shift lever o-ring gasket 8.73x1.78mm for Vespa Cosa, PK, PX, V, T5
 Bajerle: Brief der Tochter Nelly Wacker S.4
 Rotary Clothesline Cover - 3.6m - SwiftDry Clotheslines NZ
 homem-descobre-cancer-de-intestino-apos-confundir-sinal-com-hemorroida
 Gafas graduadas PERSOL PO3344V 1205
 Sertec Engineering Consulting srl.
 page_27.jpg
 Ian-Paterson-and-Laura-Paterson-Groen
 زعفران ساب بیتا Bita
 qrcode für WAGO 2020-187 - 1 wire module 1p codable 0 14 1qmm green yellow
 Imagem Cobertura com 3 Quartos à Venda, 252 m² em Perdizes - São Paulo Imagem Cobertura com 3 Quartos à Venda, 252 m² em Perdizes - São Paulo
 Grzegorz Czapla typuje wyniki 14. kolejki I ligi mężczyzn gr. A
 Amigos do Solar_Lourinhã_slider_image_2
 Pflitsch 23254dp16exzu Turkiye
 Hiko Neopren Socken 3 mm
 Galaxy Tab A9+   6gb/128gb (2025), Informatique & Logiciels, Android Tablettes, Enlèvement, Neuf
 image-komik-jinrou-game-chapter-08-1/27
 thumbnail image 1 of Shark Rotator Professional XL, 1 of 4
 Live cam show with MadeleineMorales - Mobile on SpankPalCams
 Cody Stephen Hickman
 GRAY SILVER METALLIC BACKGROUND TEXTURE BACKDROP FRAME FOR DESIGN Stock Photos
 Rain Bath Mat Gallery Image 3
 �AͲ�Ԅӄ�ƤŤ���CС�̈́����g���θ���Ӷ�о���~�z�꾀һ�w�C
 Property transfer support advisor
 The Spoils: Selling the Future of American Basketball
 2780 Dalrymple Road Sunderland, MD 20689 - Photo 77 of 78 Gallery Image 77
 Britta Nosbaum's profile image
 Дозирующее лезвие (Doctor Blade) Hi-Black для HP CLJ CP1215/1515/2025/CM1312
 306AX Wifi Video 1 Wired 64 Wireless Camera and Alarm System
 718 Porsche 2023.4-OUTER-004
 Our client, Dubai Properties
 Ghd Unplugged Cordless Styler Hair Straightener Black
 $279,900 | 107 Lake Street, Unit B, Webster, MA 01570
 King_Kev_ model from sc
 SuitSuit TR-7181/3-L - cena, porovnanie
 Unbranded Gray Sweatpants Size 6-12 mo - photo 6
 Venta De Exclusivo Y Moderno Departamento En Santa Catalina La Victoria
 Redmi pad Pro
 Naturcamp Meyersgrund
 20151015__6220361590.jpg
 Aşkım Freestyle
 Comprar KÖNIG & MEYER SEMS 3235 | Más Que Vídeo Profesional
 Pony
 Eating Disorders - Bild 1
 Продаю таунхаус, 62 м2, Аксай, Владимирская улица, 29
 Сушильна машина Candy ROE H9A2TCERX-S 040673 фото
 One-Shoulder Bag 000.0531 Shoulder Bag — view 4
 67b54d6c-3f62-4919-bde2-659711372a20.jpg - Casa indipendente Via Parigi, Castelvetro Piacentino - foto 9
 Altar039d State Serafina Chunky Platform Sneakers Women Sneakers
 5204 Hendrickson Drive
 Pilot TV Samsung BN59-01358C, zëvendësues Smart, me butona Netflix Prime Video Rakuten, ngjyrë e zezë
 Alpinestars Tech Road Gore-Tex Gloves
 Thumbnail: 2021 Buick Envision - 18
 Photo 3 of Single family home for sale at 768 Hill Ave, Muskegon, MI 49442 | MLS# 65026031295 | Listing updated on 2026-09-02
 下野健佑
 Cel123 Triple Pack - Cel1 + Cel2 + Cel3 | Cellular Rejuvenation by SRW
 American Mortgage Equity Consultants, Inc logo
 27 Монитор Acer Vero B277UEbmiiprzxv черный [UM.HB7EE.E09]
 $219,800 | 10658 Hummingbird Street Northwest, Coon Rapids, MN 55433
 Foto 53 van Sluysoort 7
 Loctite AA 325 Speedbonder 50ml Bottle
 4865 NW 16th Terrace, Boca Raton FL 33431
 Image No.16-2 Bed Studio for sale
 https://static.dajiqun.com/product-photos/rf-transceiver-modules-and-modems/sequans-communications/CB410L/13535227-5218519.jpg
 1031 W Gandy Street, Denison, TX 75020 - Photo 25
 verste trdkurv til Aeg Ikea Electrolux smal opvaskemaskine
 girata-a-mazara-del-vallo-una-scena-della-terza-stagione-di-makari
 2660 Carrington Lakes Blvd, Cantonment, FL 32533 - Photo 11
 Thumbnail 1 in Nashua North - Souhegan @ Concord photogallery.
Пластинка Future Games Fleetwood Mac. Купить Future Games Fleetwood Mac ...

> EXERCISE INSTRUCTIONS: Write out exactly the lines above between the line with "King_Kev_ model from sc" and the line with "5204 Hendrickson Drive", inclusive, and nothing beyond them.

> SOLUTION TO THIS TASK:
 King_Kev_ model from sc
 SuitSuit TR-7181/3-L - cena, porovnanie
 Unbranded Gray Sweatpants Size 6-12 mo - photo 6
 Venta De Exclusivo Y Moderno Departamento En Santa Catalina La Victoria
 Redmi pad Pro
 Naturcamp Meyersgrund
 20151015__6220361590.jpg
 Aşkım Freestyle
 Comprar KÖNIG & MEYER SEMS 3235 | Más Que Vídeo Profesional
 Pony
 Eating Disorders - Bild 1
 Продаю таунхаус, 62 м2, Аксай, Владимирская улица, 29
 Сушильна машина Candy ROE H9A2TCERX-S 040673 фото
 One-Shoulder Bag 000.0531 Shoulder Bag — view 4
 67b54d6c-3f62-4919-bde2-659711372a20.jpg - Casa indipendente Via Parigi, Castelvetro Piacentino - foto 9
 Altar039d State Serafina Chunky Platform Sneakers Women Sneakers
 5204 Hendrickson Drive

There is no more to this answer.